Git Inbox Mirror of the ffmpeg-devel mailing list - see https://ffmpeg.org/mailman/listinfo/ffmpeg-devel
 help / color / mirror / Atom feed
* [FFmpeg-devel] [PATCH 1/2] checkasm/lpc: test compute_autocorr
@ 2023-12-12 21:02 Rémi Denis-Courmont
  2023-12-12 21:02 ` [FFmpeg-devel] [PATCH 2/2] lavc/lpc: R-V V compute_autocorr Rémi Denis-Courmont
  2023-12-14 16:41 ` [FFmpeg-devel] [PATCH 1/2] checkasm/lpc: test compute_autocorr Michael Niedermayer
  0 siblings, 2 replies; 5+ messages in thread
From: Rémi Denis-Courmont @ 2023-12-12 21:02 UTC (permalink / raw)
  To: ffmpeg-devel

---
 tests/checkasm/lpc.c | 42 ++++++++++++++++++++++++++++++++++++++++--
 1 file changed, 40 insertions(+), 2 deletions(-)

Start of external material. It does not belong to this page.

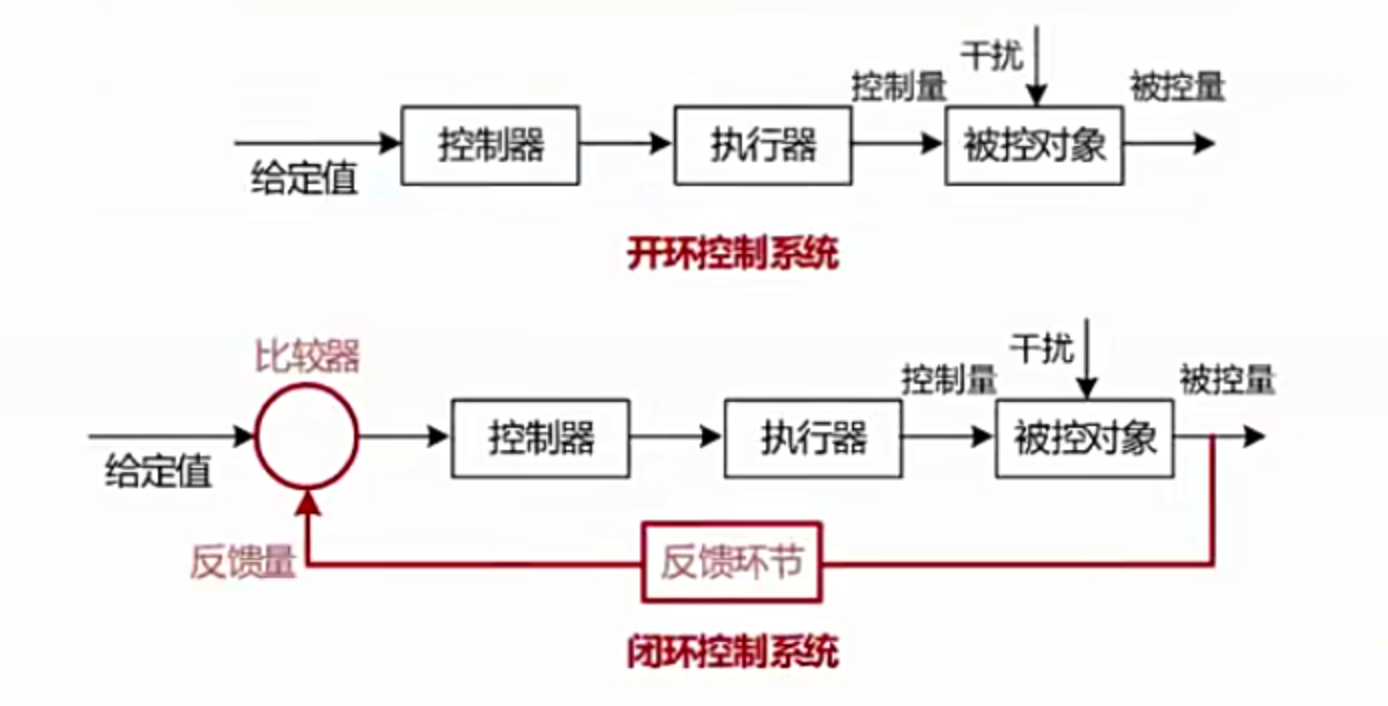闭环控制架构(过程控制)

diff --git a/tests/checkasm/lpc.c b/tests/checkasm/lpc.c
index 592e34c03d..4d84defec3 100644
--- a/tests/checkasm/lpc.c
+++ b/tests/checkasm/lpc.c
@@ -57,10 +57,41 @@ static void test_window(int len)
     bench_new(src, len, dst1);
 }
 
+static void test_compute_autocorr(ptrdiff_t len, int lag)
+{
+    LOCAL_ALIGNED(16, double, src, [5000]);
+    LOCAL_ALIGNED(16, double, dst0, [MAX_LPC_ORDER + 1]);
+    LOCAL_ALIGNED(16, double, dst1, [MAX_LPC_ORDER + 1]);
+
+    declare_func(void, const double *in, ptrdiff_t len, int lag, double *out);
+
+    av_assert0(lag >= 0 && lag <= MAX_LPC_ORDER);
+
+    for (size_t i = 0; i < len; i++) {
+        src[i] = (double)rnd() / (double)UINT_MAX;
+    }
+
+    call_ref(src, len, lag, dst0);
+    call_new(src, len, lag, dst1);
+
+    for (size_t i = 0; i < lag; i++) {
+        if (!double_near_abs_eps(dst0[i], dst1[i], EPS)) {
+            fprintf(stderr, "%zu: %- .12f - %- .12f = % .12g\n",
+                    i, dst0[i], dst1[i], dst0[i] - dst1[i]);
+            fail();
+            break;
+        }
+    }
+
+    bench_new(src, len, lag, dst1);
+}
+
 void checkasm_check_lpc(void)
 {
     LPCContext ctx;
-    int len = rnd() % 5000;
+    int len = 2000 + (rnd() % 3000);
+    static const int lags[] = { 10, 30, 32 };
+
     ff_lpc_init(&ctx, 32, 16, FF_LPC_TYPE_DEFAULT);
 
     if (check_func(ctx.lpc_apply_welch_window, "apply_welch_window_even")) {
@@ -72,6 +103,13 @@ void checkasm_check_lpc(void)
         test_window(len | 1);
     }
     report("apply_welch_window_odd");
-
     ff_lpc_end(&ctx);
+
+    for (size_t i = 0; i < FF_ARRAY_ELEMS(lags); i++) {
+        ff_lpc_init(&ctx, 32, lags[i], FF_LPC_TYPE_DEFAULT);
+        if (check_func(ctx.lpc_compute_autocorr, "autocorr_%d", lags[i]))
+            test_compute_autocorr(len, lags[i]);
+        report("compute_autocorr_%d", lags[i]);
+        ff_lpc_end(&ctx);
+    }
 }
-- 
2.43.0

_______________________________________________
ffmpeg-devel mailing list
ffmpeg-devel@ffmpeg.org
https://ffmpeg.org/mailman/listinfo/ffmpeg-devel

To unsubscribe, visit link above, or email
ffmpeg-devel-request@ffmpeg.org with subject "unsubscribe".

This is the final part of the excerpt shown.